What you produce should be the lines from the line containing "This is lesson" through the last line below, both ends included, reproduced exactly and without pictures.

Start of Block

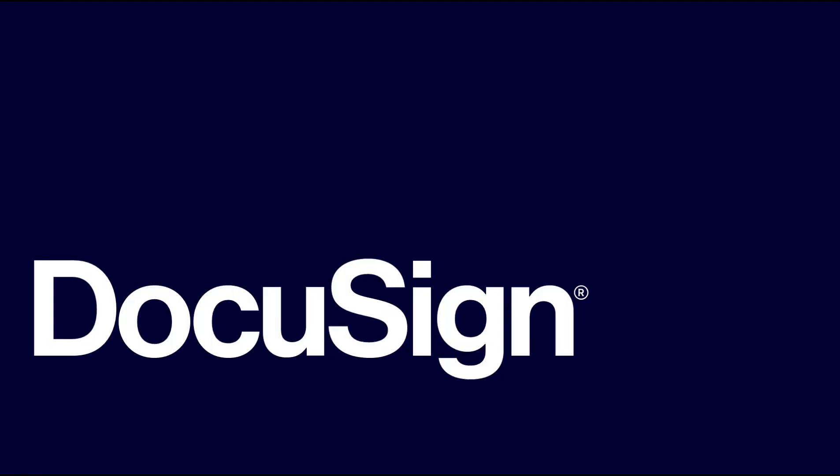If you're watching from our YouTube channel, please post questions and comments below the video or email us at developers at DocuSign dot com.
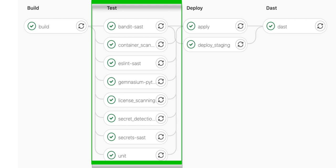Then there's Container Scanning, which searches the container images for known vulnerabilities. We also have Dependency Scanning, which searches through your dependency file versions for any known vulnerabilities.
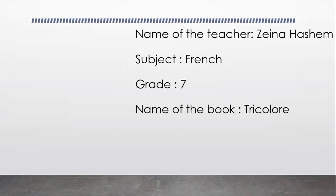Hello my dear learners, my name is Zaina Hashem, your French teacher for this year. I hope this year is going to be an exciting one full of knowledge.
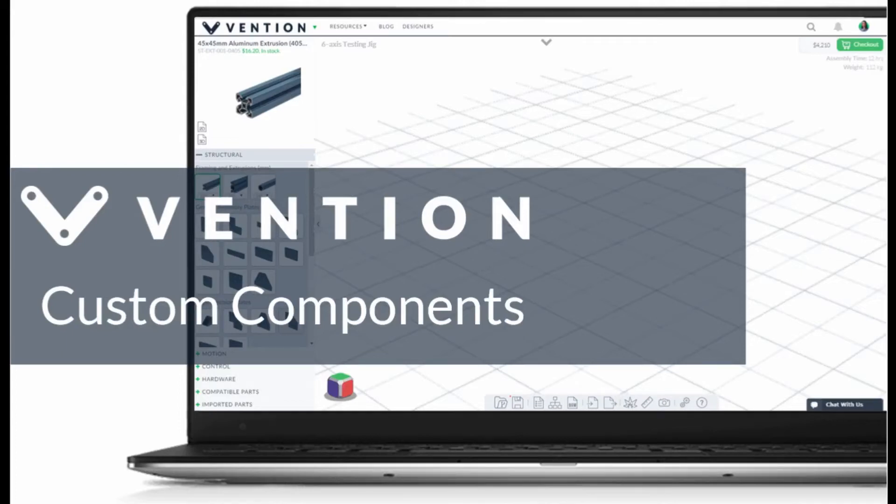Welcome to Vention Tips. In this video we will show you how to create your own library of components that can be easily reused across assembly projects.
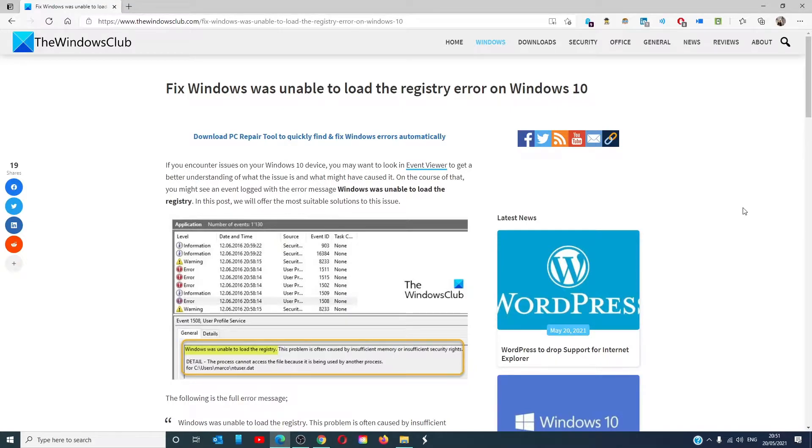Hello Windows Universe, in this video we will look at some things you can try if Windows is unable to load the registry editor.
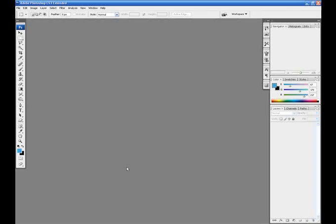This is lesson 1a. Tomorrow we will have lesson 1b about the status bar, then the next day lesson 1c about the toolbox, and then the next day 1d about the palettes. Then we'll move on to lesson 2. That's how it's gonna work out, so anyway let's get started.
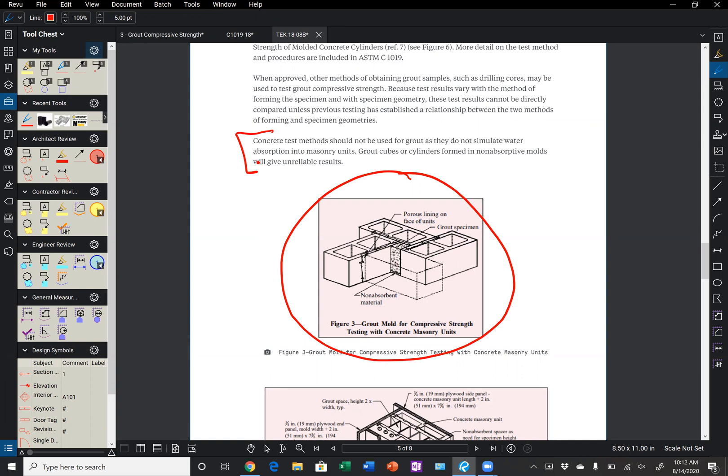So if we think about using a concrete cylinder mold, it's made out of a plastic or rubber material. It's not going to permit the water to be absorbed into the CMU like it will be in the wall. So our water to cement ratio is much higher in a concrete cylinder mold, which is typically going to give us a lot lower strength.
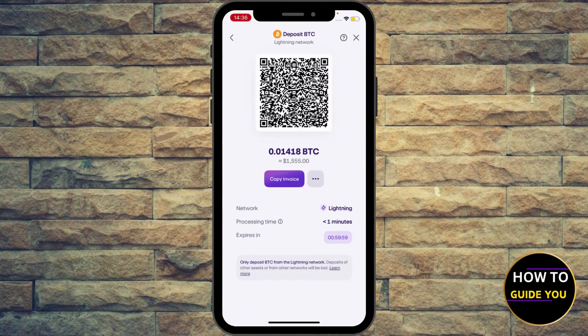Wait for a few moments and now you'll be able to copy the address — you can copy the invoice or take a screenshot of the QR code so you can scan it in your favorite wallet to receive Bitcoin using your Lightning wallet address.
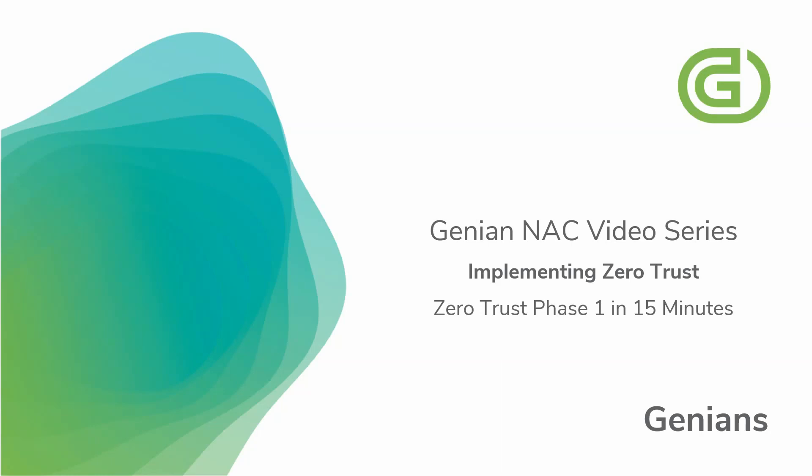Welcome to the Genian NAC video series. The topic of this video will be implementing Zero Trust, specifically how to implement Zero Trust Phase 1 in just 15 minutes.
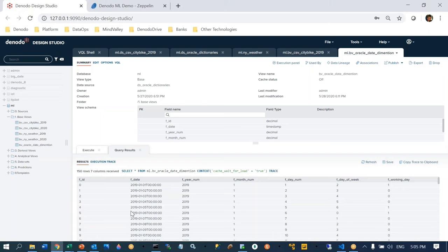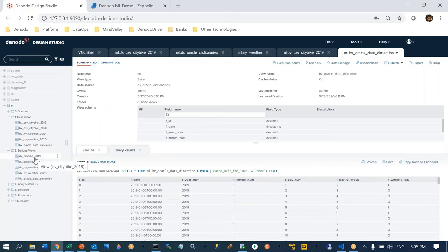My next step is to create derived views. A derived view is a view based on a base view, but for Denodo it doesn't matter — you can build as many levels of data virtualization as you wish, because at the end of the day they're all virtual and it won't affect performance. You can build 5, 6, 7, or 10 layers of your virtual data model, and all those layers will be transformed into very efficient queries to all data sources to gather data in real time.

End of Block

▶ [SOLUTION FOR THIS PROBLEM]:
This is lesson 1a. Tomorrow we will have lesson 1b about the status bar, then the next day lesson 1c about the toolbox, and then the next day 1d about the palettes. Then we'll move on to lesson 2. That's how it's gonna work out, so anyway let's get started.
So if we think about using a concrete cylinder mold, it's made out of a plastic or rubber material. It's not going to permit the water to be absorbed into the CMU like it will be in the wall. So our water to cement ratio is much higher in a concrete cylinder mold, which is typically going to give us a lot lower strength.
Wait for a few moments and now you'll be able to copy the address — you can copy the invoice or take a screenshot of the QR code so you can scan it in your favorite wallet to receive Bitcoin using your Lightning wallet address.
Welcome to the Genian NAC video series. The topic of this video will be implementing Zero Trust, specifically how to implement Zero Trust Phase 1 in just 15 minutes.
My next step is to create derived views. A derived view is a view based on a base view, but for Denodo it doesn't matter — you can build as many levels of data virtualization as you wish, because at the end of the day they're all virtual and it won't affect performance. You can build 5, 6, 7, or 10 layers of your virtual data model, and all those layers will be transformed into very efficient queries to all data sources to gather data in real time.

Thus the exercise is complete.